**Raw data**.
========================================

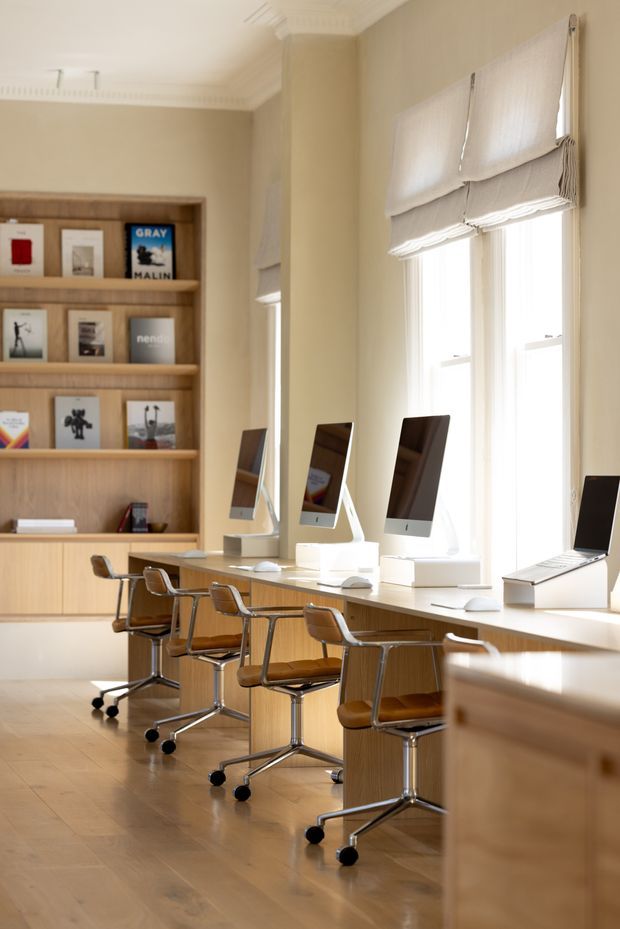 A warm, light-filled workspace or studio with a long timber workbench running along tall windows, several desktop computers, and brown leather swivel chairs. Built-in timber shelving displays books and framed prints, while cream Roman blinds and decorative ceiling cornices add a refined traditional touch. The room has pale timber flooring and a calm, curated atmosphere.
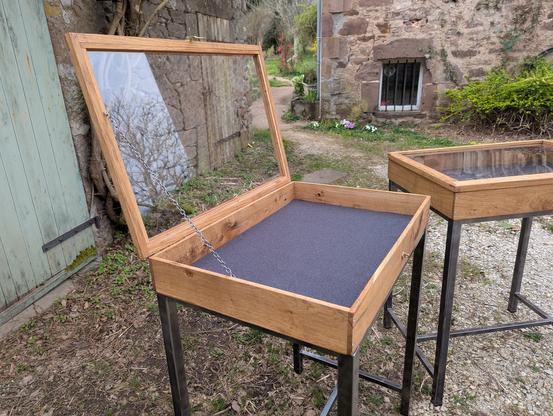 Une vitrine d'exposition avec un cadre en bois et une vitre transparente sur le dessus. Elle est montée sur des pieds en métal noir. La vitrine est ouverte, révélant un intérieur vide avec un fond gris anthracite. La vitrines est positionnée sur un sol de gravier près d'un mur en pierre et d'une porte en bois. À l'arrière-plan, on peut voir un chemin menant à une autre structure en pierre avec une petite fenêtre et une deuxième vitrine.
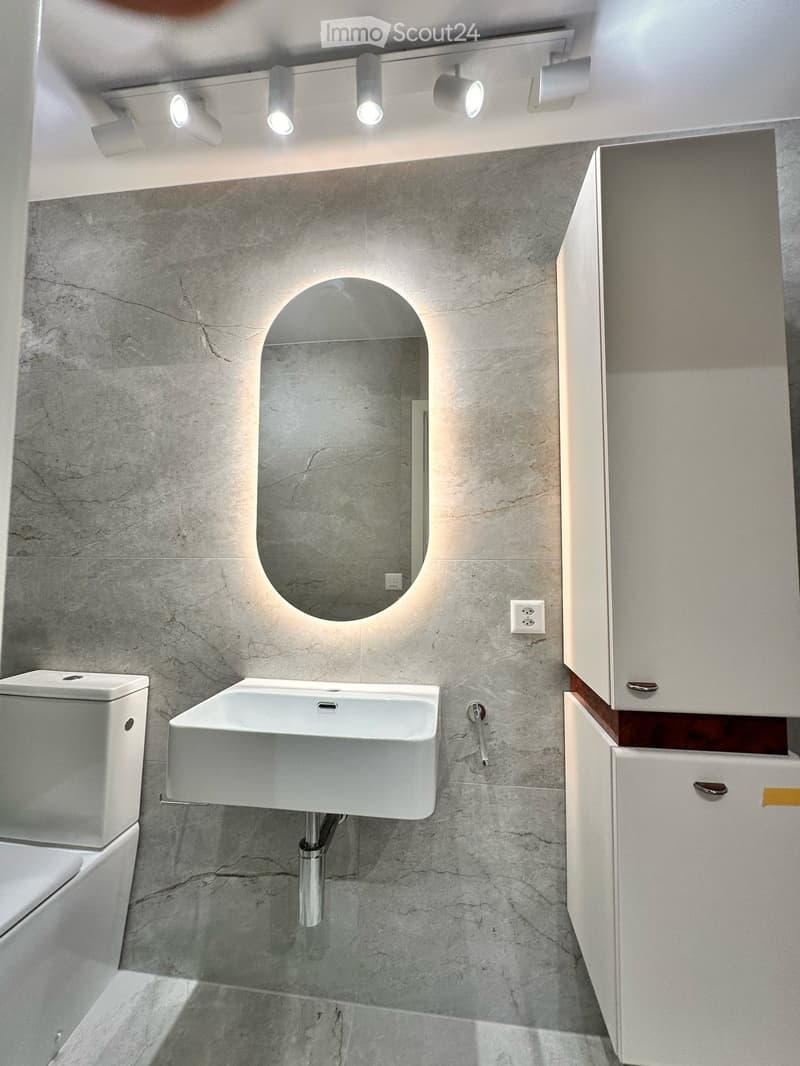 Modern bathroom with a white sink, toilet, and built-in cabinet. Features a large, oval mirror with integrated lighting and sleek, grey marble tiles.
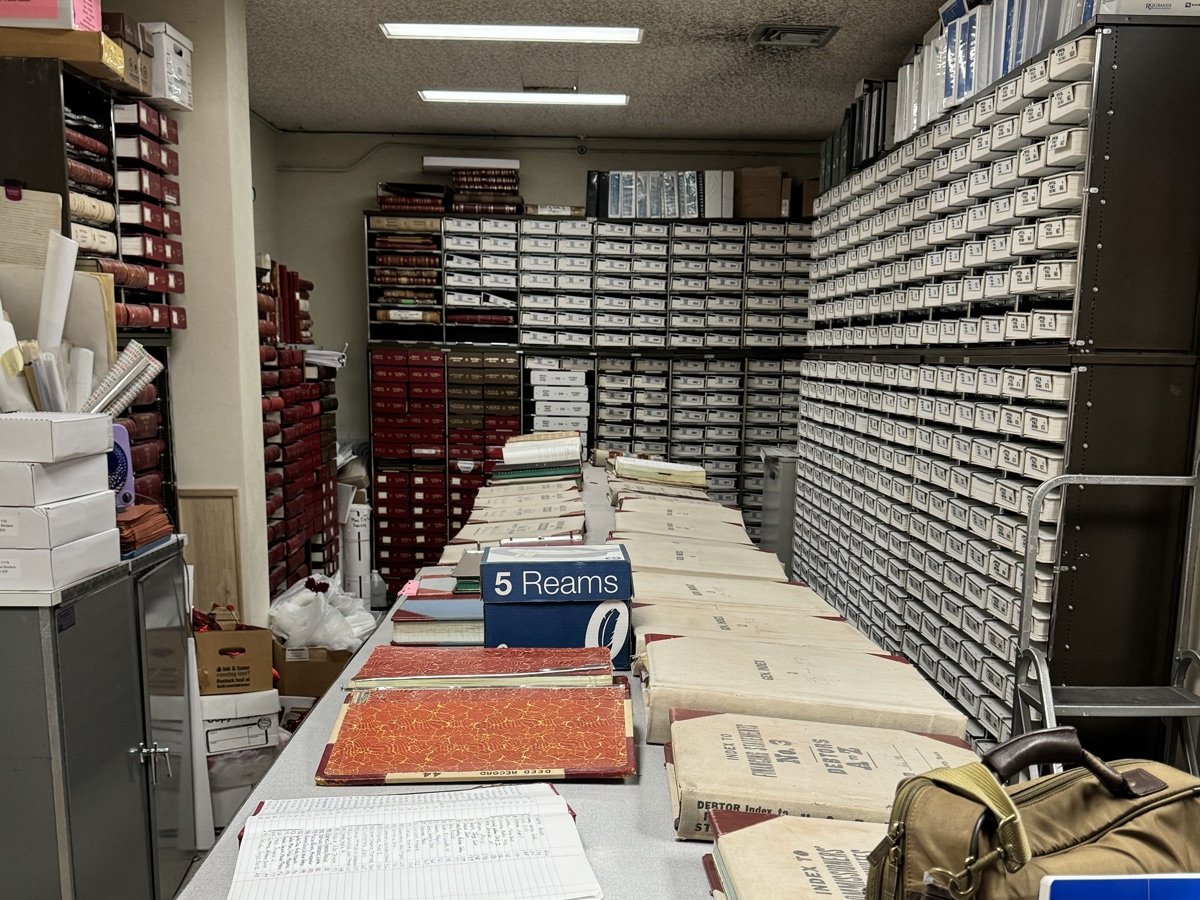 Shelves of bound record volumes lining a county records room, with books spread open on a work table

========================================

**Try it**. In the answer, the data should reappear exactly, with no pictures.

**Result of this exercise**.
 A warm, light-filled workspace or studio with a long timber workbench running along tall windows, several desktop computers, and brown leather swivel chairs. Built-in timber shelving displays books and framed prints, while cream Roman blinds and decorative ceiling cornices add a refined traditional touch. The room has pale timber flooring and a calm, curated atmosphere.
 Une vitrine d'exposition avec un cadre en bois et une vitre transparente sur le dessus. Elle est montée sur des pieds en métal noir. La vitrine est ouverte, révélant un intérieur vide avec un fond gris anthracite. La vitrines est positionnée sur un sol de gravier près d'un mur en pierre et d'une porte en bois. À l'arrière-plan, on peut voir un chemin menant à une autre structure en pierre avec une petite fenêtre et une deuxième vitrine.
 Modern bathroom with a white sink, toilet, and built-in cabinet. Features a large, oval mirror with integrated lighting and sleek, grey marble tiles.
 Shelves of bound record volumes lining a county records room, with books spread open on a work table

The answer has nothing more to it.